| YOUR GOAL |
Once the pictures have been set aside, copy every remaining entry exactly.

| SUPPLIED RECORDS |

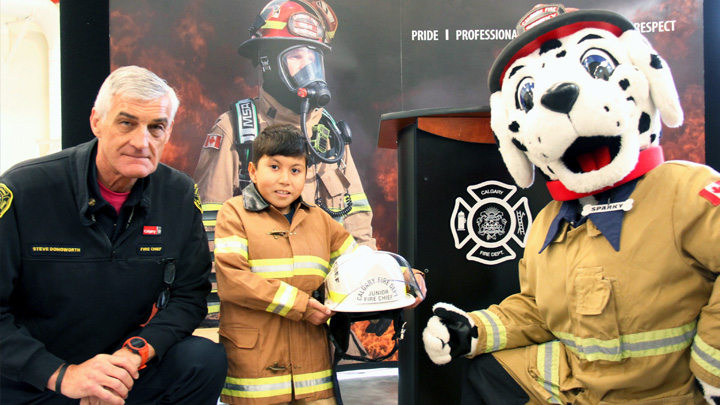 Calgary Fire Department's Fire Chief Steve Dongworth appoints Mustafa Mohammadi as Junior Fire Chief as Sparky the mascot watches on.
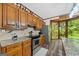 The kitchen features stainless steel appliances, wood cabinetry, and views to outdoor green space at 1627 Leguin Mill Rd, Locust Grove, GA 30248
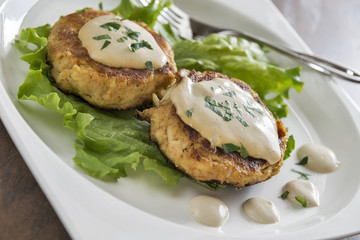 Crab cakes with a creamy mustard sauce and fresh parsley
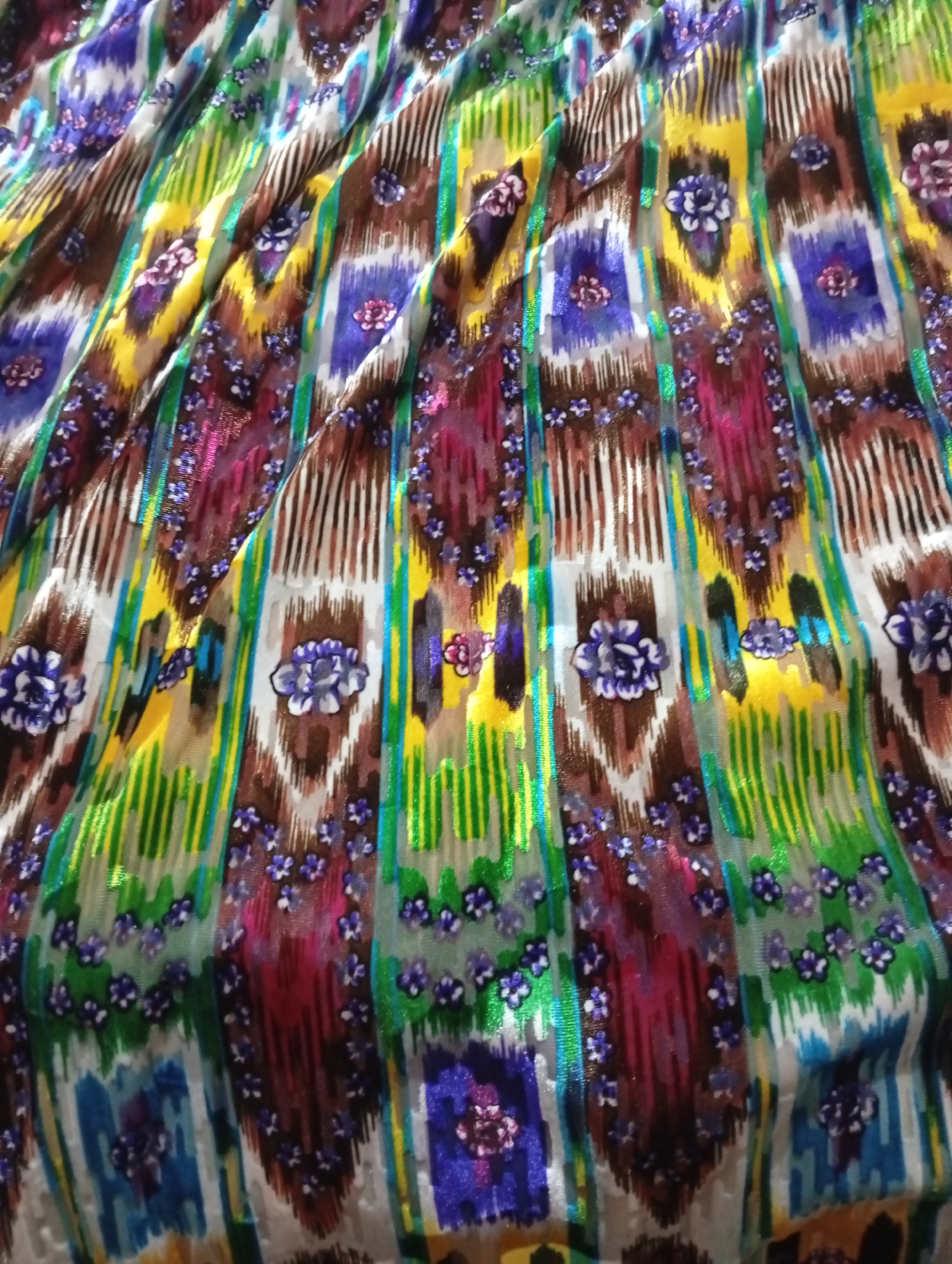 The image displays a close-up, overhead view of a colorful, patterned fabric. The fabric is draped, creating folds and shadows that highlight its texture and sheen. The pattern consists of vertical stripes of varying colors and widths, including shades of yellow, green, brown, purple, and blue. Within these stripes, there are smaller floral motifs, predominantly in shades of purple and white, and rectangular blocks of color. The fabric appears to be made of a synthetic material with a somewhat glossy finish, suggesting it could be satin or a similar material. There is no indication of a specific location within Seýdi, Turkmenistan; the image solely focuses on the fabric itself.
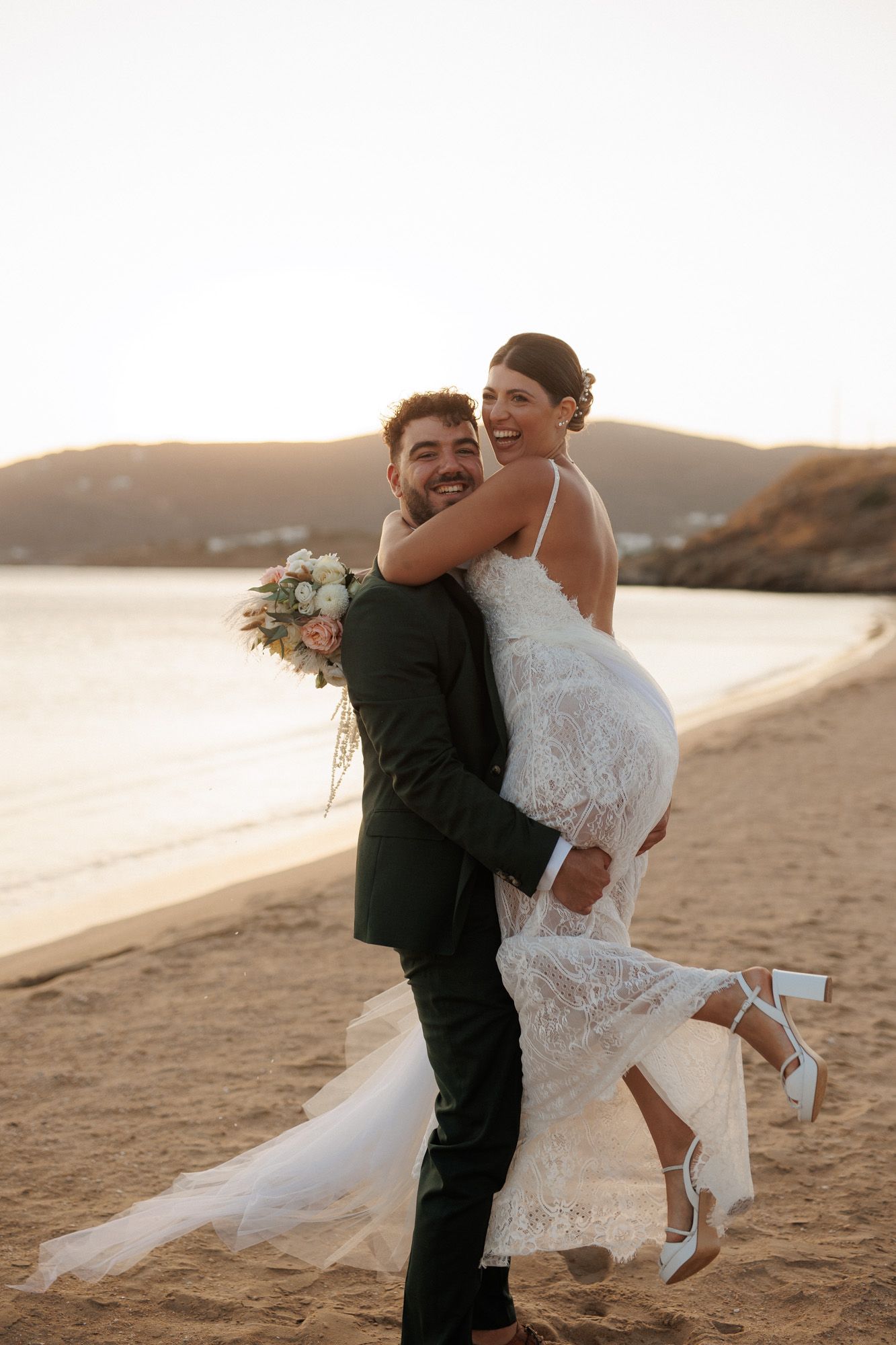 Groom lifts laughing bride on golden sandy beach at sunset during wedding celebration.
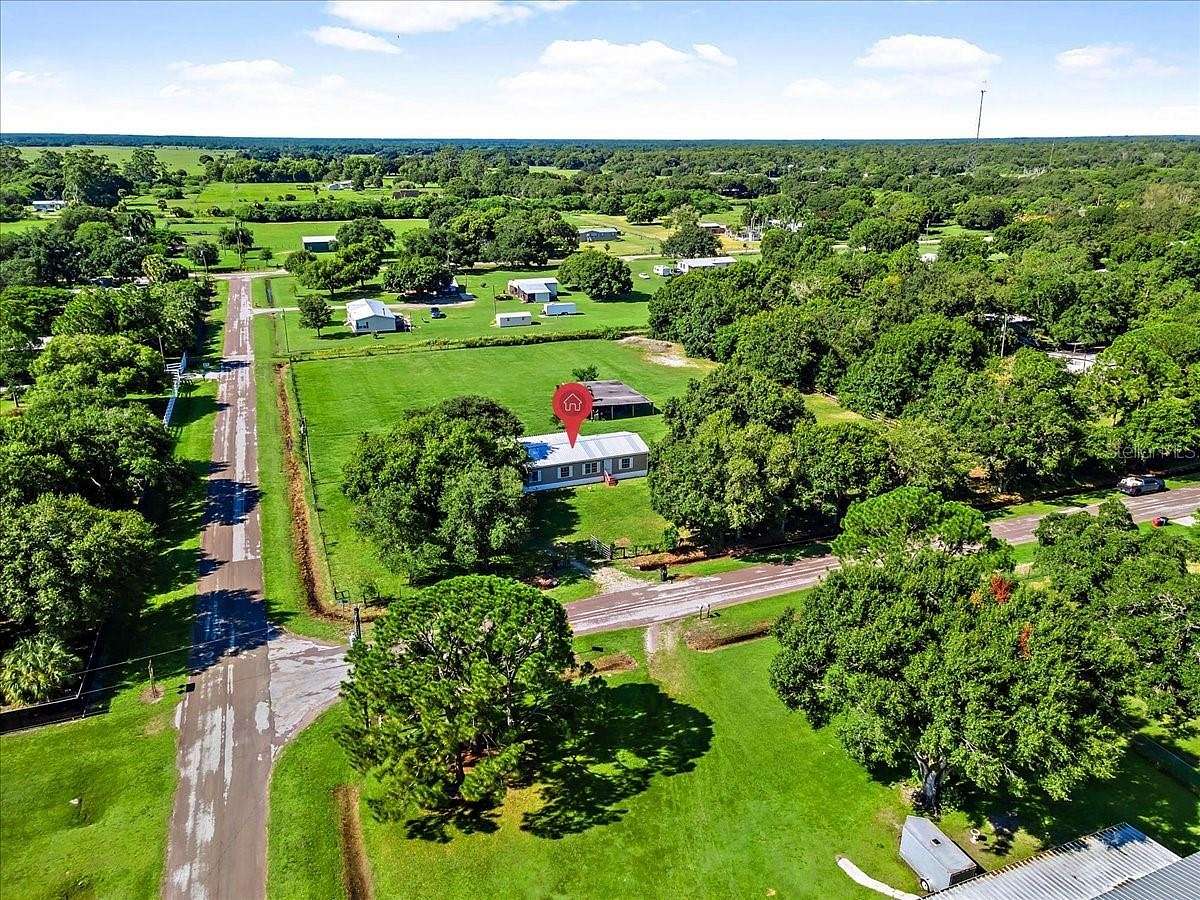 2.01 Acres of Residential Land with Home for Sale in Clewiston, Florida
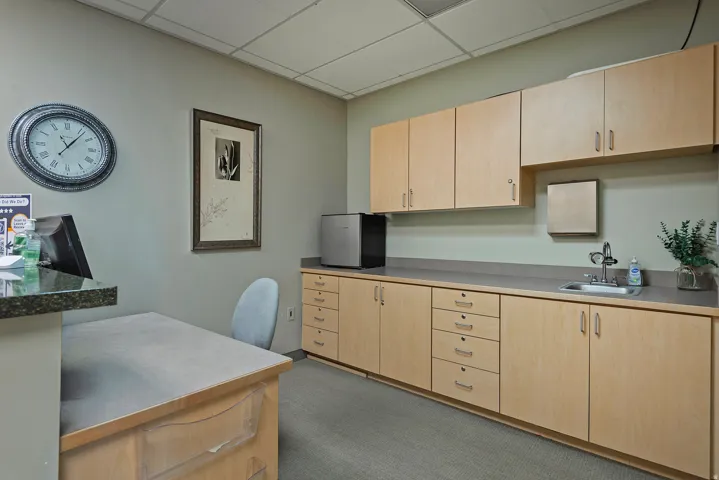 Functional workspace featuring extensive light wood-finish cabinetry, a built-in sink, and integrated counter space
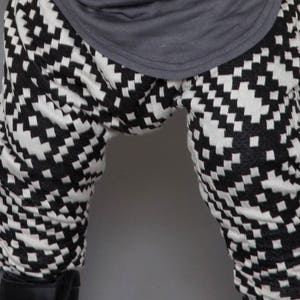 May include: Black and white checkered pattern pants with a gray shirt tucked in. The pants have a geometric pattern.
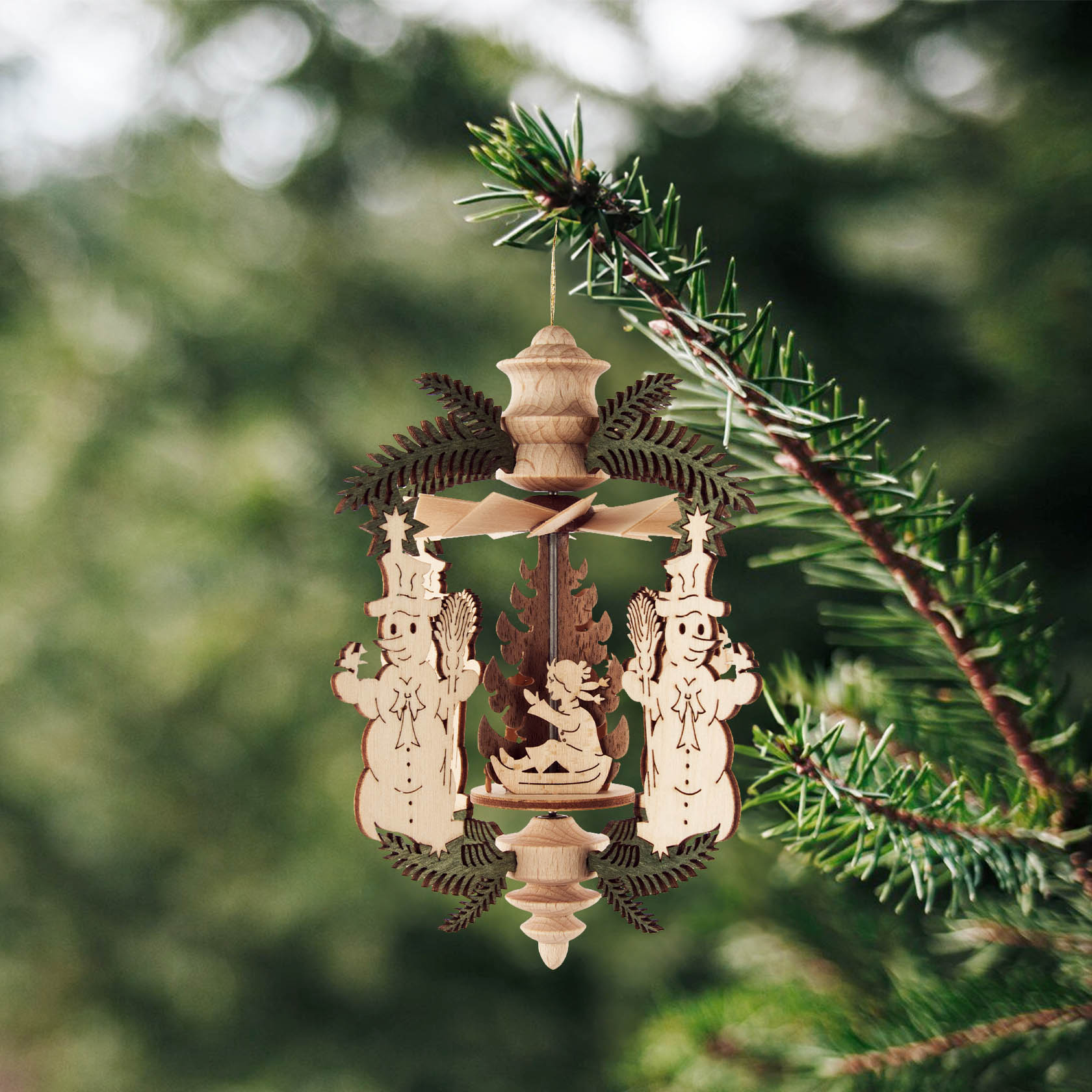 A wooden ornament with two snowmen on either side and a small figure in the center, designed to hang on a branch.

| EXERCISE OUTPUT |
 Calgary Fire Department's Fire Chief Steve Dongworth appoints Mustafa Mohammadi as Junior Fire Chief as Sparky the mascot watches on.
 The kitchen features stainless steel appliances, wood cabinetry, and views to outdoor green space at 1627 Leguin Mill Rd, Locust Grove, GA 30248
 Crab cakes with a creamy mustard sauce and fresh parsley
 The image displays a close-up, overhead view of a colorful, patterned fabric. The fabric is draped, creating folds and shadows that highlight its texture and sheen. The pattern consists of vertical stripes of varying colors and widths, including shades of yellow, green, brown, purple, and blue. Within these stripes, there are smaller floral motifs, predominantly in shades of purple and white, and rectangular blocks of color. The fabric appears to be made of a synthetic material with a somewhat glossy finish, suggesting it could be satin or a similar material. There is no indication of a specific location within Seýdi, Turkmenistan; the image solely focuses on the fabric itself.
 Groom lifts laughing bride on golden sandy beach at sunset during wedding celebration.
 2.01 Acres of Residential Land with Home for Sale in Clewiston, Florida
 Functional workspace featuring extensive light wood-finish cabinetry, a built-in sink, and integrated counter space
 May include: Black and white checkered pattern pants with a gray shirt tucked in. The pants have a geometric pattern.
 A wooden ornament with two snowmen on either side and a small figure in the center, designed to hang on a branch.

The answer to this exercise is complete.